Multiple interacting factors contribute to violent behavior.
Public opinion surveys suggest that many people think mental illness and violence go hand in hand. A 2006 national survey found, for example, that 60% of Americans thought that people with schizophrenia were likely to act violently toward someone else, while 32% thought that people with major depression were likely to do so.
In fact, research suggests that this public perception does not reflect reality. Most individuals with psychiatric disorders are not violent. Although a subset of people with psychiatric disorders commit assaults and violent crimes, findings have been inconsistent about how much mental illness contributes to this behavior and how much substance abuse and other factors do.

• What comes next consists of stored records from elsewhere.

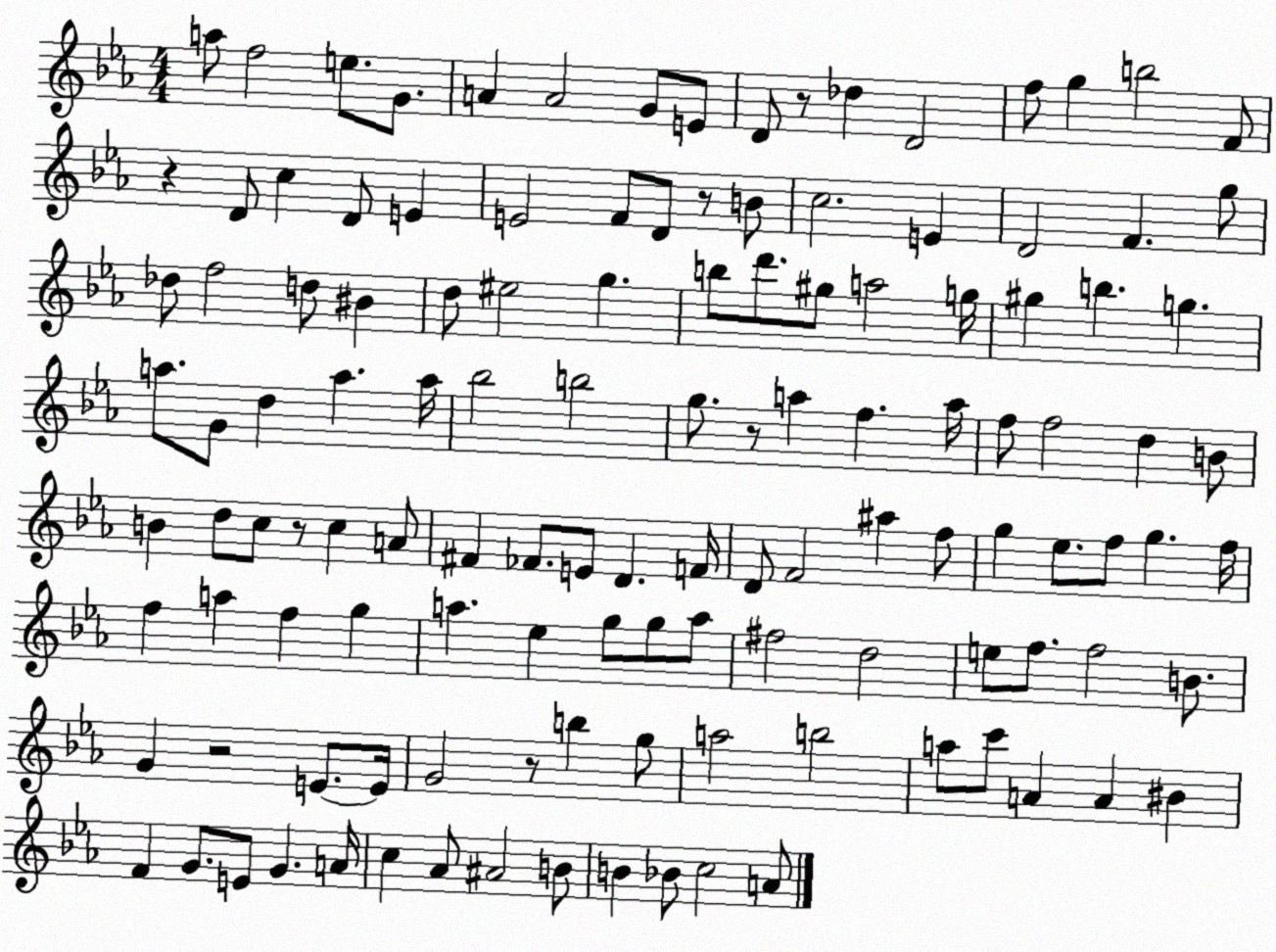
X:1
T:Untitled
M:4/4
L:1/4
K:Eb
a/2 f2 e/2 G/2 A A2 G/2 E/2 D/2 z/2 _d D2 f/2 g b2 F/2 z D/2 c D/2 E E2 F/2 D/2 z/2 B/2 c2 E D2 F g/2 _d/2 f2 d/2 ^B d/2 ^e2 g b/2 d'/2 ^g/2 a2 g/4 ^g b g a/2 G/2 d a a/4 _b2 b2 g/2 z/2 a f a/4 f/2 f2 d B/2 B d/2 c/2 z/2 c A/2 ^F _F/2 E/2 D F/4 D/2 F2 ^a f/2 g _e/2 f/2 g f/4 f a f g a _e g/2 g/2 a/2 ^f2 d2 e/2 f/2 f2 B/2 G z2 E/2 E/4 G2 z/2 b g/2 a2 b2 a/2 c'/2 A A ^B F G/2 E/2 G A/4 c _A/2 ^A2 B/2 B _B/2 c2 A/2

An ongoing problem in the scientific literature is that studies have used different methods to assess rates of violence — both in people with mental illness and in control groups used for comparison. Some studies rely on "self-reporting," or participants' own recollection of whether they have acted violently toward others. Such studies may underestimate rates of violence for several reasons. Participants may forget what they did in the past, or may be embarrassed about or unwilling to admit to violent behavior. Other studies have compared data from the criminal justice system, such as arrest rates among people with mental illness and those without. But these studies, by definition involving a subset of people, may also misstate rates of violence in the community. Finally, some studies have not controlled for the multiple variables beyond substance abuse that contribute to violent behavior (whether an individual is mentally ill or not), such as poverty, family history, personal adversity or stress, and so on.
The MacArthur Violence Risk Assessment Study was one of the first to address the design flaws of earlier research by using three sources of information to assess rates of violence. The investigators interviewed participants multiple times, to assess self-reported violence on an ongoing basis. They verified participants' recollections by checking with family members, case managers, or other people familiar with the participants. Finally, the researchers also checked arrest and hospitalization records.

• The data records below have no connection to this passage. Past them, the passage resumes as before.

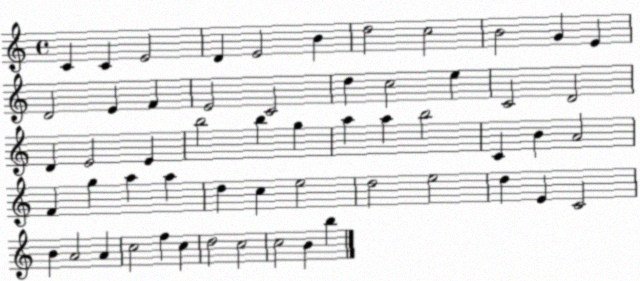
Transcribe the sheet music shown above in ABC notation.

X:1
T:Untitled
M:4/4
L:1/4
K:C
C C E2 D E2 B d2 c2 B2 G E D2 E F E2 C2 d c2 e C2 D2 D E2 E b2 b g a a b2 C B A2 F g a a d c e2 d2 e2 d E C2 B A2 A c2 f c d2 c2 c2 B b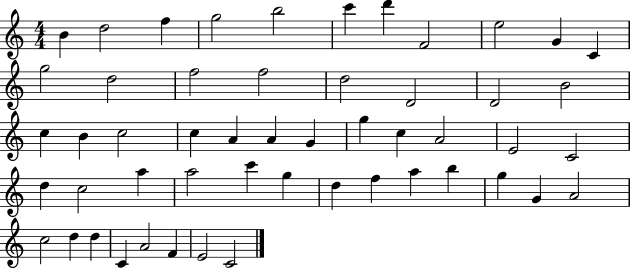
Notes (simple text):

B4/q D5/h F5/q G5/h B5/h C6/q D6/q F4/h E5/h G4/q C4/q G5/h D5/h F5/h F5/h D5/h D4/h D4/h B4/h C5/q B4/q C5/h C5/q A4/q A4/q G4/q G5/q C5/q A4/h E4/h C4/h D5/q C5/h A5/q A5/h C6/q G5/q D5/q F5/q A5/q B5/q G5/q G4/q A4/h C5/h D5/q D5/q C4/q A4/h F4/q E4/h C4/h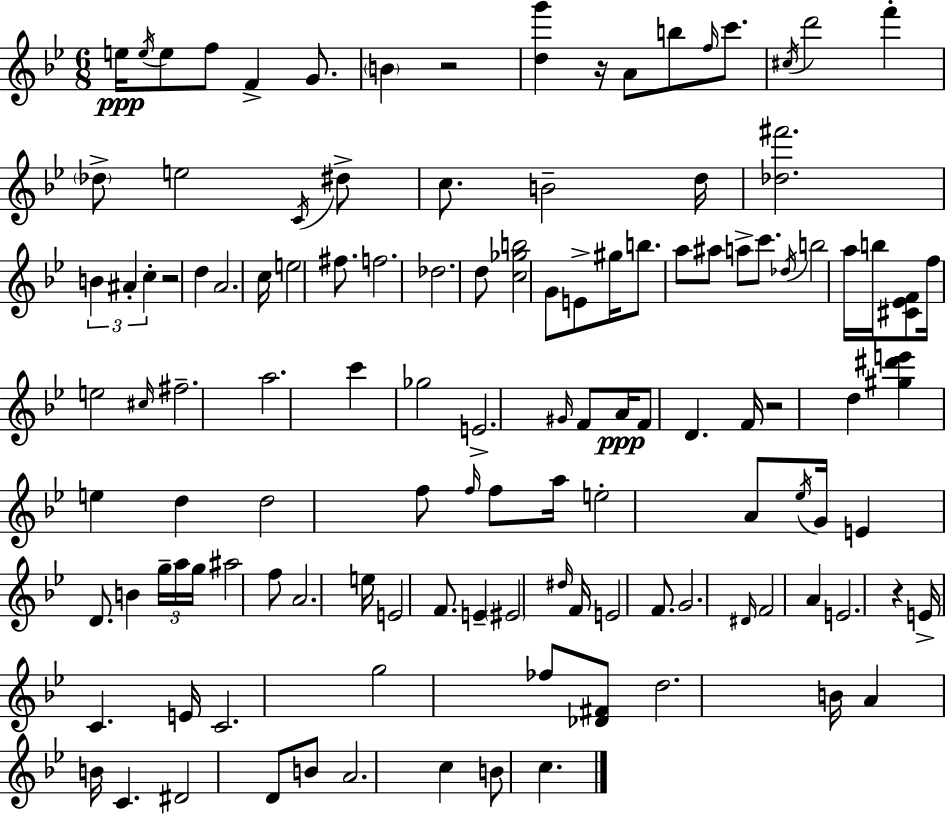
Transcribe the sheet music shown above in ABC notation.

X:1
T:Untitled
M:6/8
L:1/4
K:Gm
e/4 e/4 e/2 f/2 F G/2 B z2 [dg'] z/4 A/2 b/2 f/4 c'/2 ^c/4 d'2 f' _d/2 e2 C/4 ^d/2 c/2 B2 d/4 [_d^f']2 B ^A c z2 d A2 c/4 e2 ^f/2 f2 _d2 d/2 [c_gb]2 G/2 E/2 ^g/4 b/2 a/2 ^a/2 a/2 c'/2 _d/4 b2 a/4 b/4 [^C_EF]/2 f/4 e2 ^c/4 ^f2 a2 c' _g2 E2 ^G/4 F/2 A/4 F/2 D F/4 z2 d [^g^d'e'] e d d2 f/2 f/4 f/2 a/4 e2 A/2 _e/4 G/4 E D/2 B g/4 a/4 g/4 ^a2 f/2 A2 e/4 E2 F/2 E ^E2 ^d/4 F/4 E2 F/2 G2 ^D/4 F2 A E2 z E/4 C E/4 C2 g2 _f/2 [_D^F]/2 d2 B/4 A B/4 C ^D2 D/2 B/2 A2 c B/2 c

The study found that 31% of people who had both a substance abuse disorder and a psychiatric disorder (a "dual diagnosis") committed at least one act of violence in a year, compared with 18% of people with a psychiatric disorder alone. This confirmed other research that substance abuse is a key contributor to violent behavior. But when the investigators probed further, comparing rates of violence in one area in Pittsburgh in order to control for environmental factors as well as substance use, they found no significant difference in the rates of violence among people with mental illness and other people living in the same neighborhood. In other words, after controlling for substance use, rates of violence reported in the study may reflect factors common to a particular neighborhood rather than the symptoms of a psychiatric disorder.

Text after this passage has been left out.